The Covid-induced economic harm may soon result in multiple sovereign debtors moving into default territory – a situation that the global financial architecture is not built to tackle. This column makes the case for ex post state intervention in debt contracts to provide temporary legal protection to debtor countries while they divert resources to deal with the Covid-19 crisis. It shows that in the case of Greece, when such intervention was necessary, there were no negative spillovers on periphery euro area debt markets associated with the Greek ex post modification of contract terms.

A central theme of this week’s World Bank/IMF meetings will be the precarious state of the global economy.  One particular concern is the increasing number of low- and middle-income countries that are staring at the simultaneous problems of slowing economies, increasing health costs, and large debt obligations (Hevia and Neumeyer 2020). So long as markets are willing to provide these precariously positioned sovereigns with continued funding to service their external debts, the reckoning they are facing is at least temporarily postponed. But markets are getting jittery and the prospect of another sudden stop – we had a temporary one in March 2020 (Bank for International Settlements 2020) – is real. 
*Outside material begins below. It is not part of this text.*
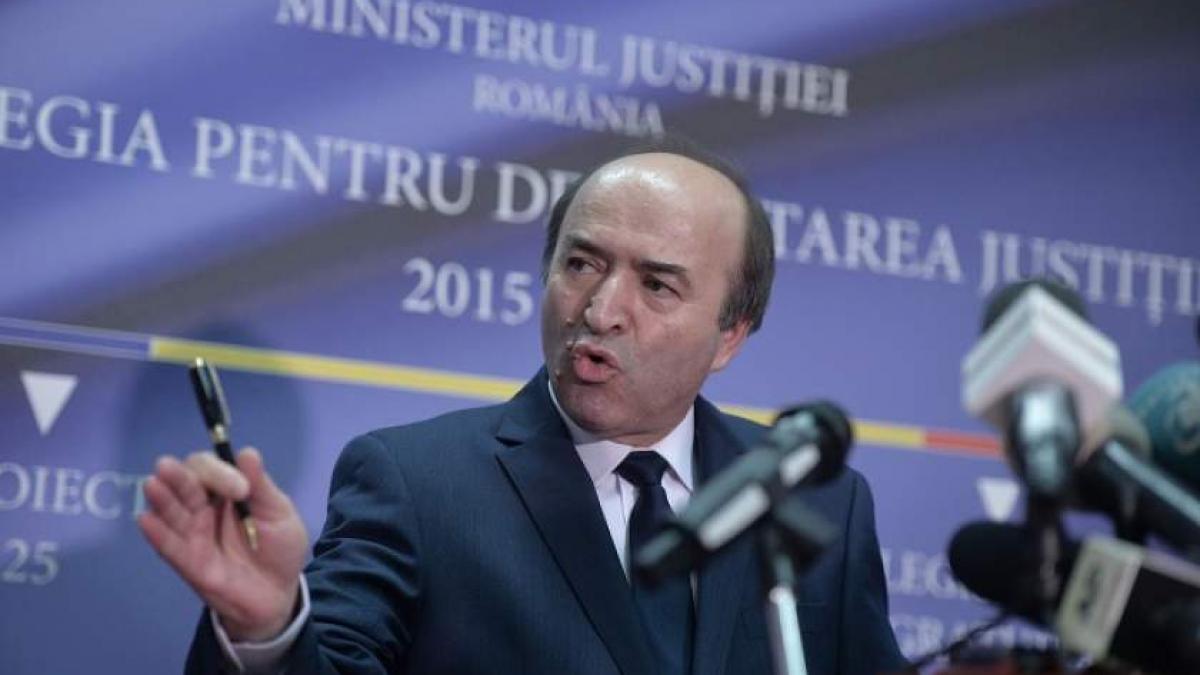 Toader: Nu există decizie a Curţii Constituţionale care să nu fie respectată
In response to the March sudden stop, the G20 launched a Debt Service Suspension Initiative (DSSI). While the DSSI was useful for some low-income countries, it did not require private sector participation and had no effect on emerging market countries, which were not included in the initiative (Bolton et al. 2020a). What did help emerging market countries was the fact that central banks in advanced economies – particularly the Fed and the ECB – flooded the markets with easy money and pushed borrowing costs down.  The rock bottom yields in the developed world then resulted in money flowing back to emerging market nations – even countries that were facing a terrible situation with the coronavirus.  As the real economies of these countries get worse though and the private sector reassesses risk, the prospect of a capital flow reversal is again very real.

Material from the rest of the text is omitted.